# Work order
Among the entries below, copy only the span from the line containing "Proteína Vegetal De" through the line containing "One Piece: Sky". Do so exactly, and skip the pictures.

# Data supplied

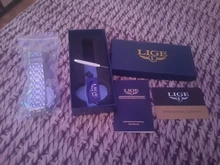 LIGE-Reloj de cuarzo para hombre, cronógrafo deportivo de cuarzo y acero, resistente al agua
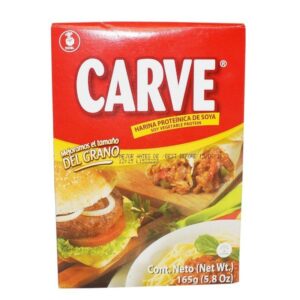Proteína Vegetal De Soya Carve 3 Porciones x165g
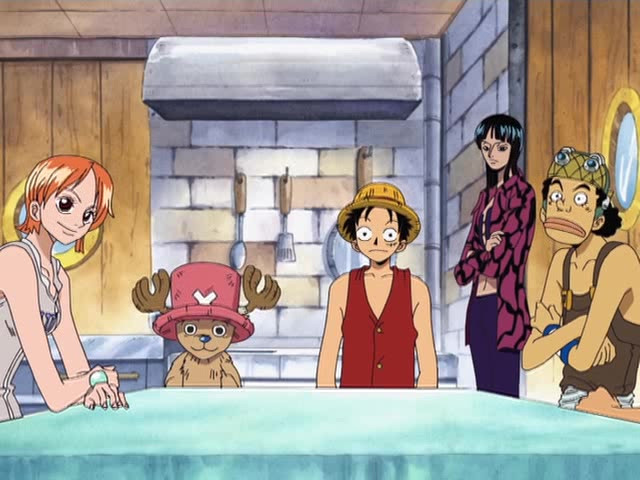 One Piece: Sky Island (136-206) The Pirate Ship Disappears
---
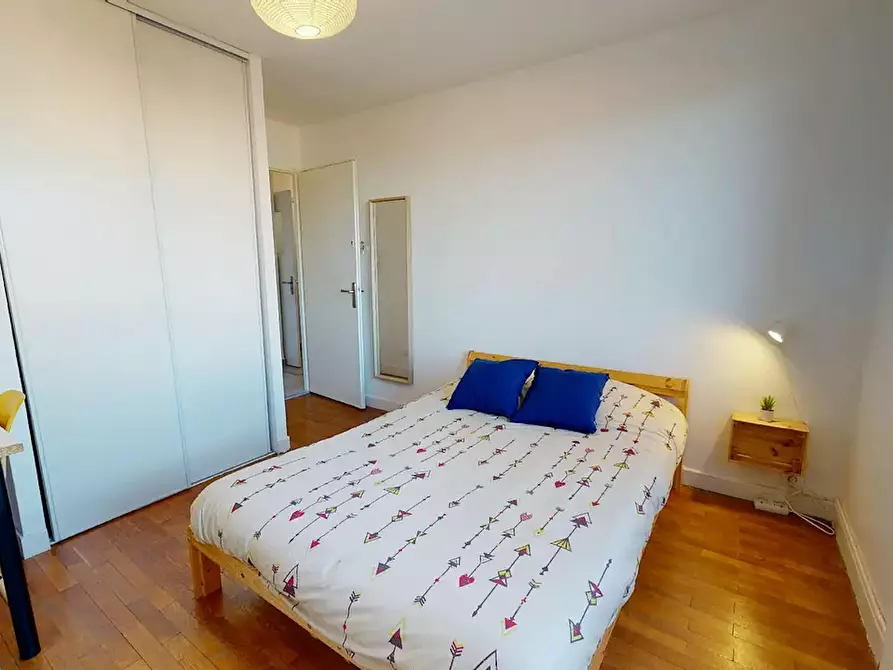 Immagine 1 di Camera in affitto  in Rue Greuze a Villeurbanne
--
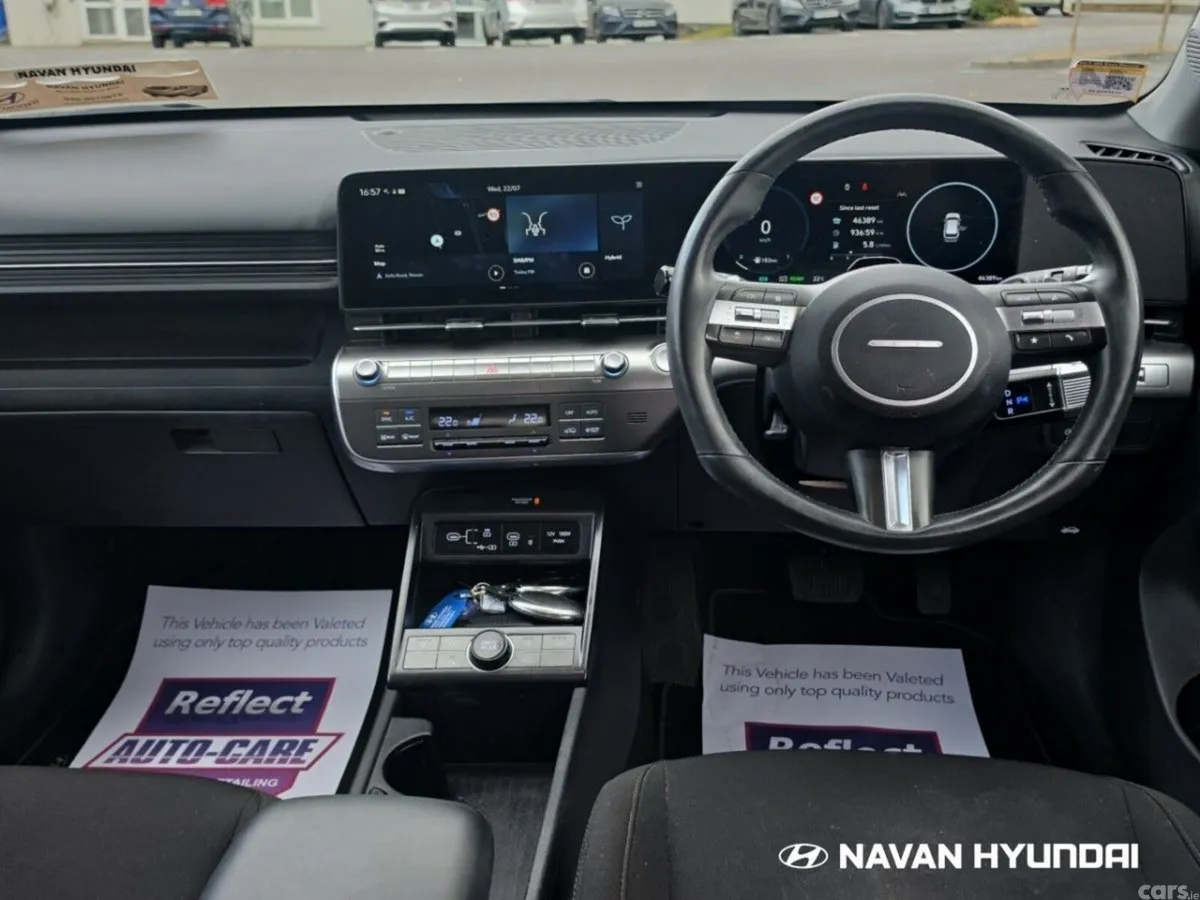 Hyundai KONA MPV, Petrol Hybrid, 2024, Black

# Task answer
Proteína Vegetal De Soya Carve 3 Porciones x165g
 One Piece: Sky Island (136-206) The Pirate Ship Disappears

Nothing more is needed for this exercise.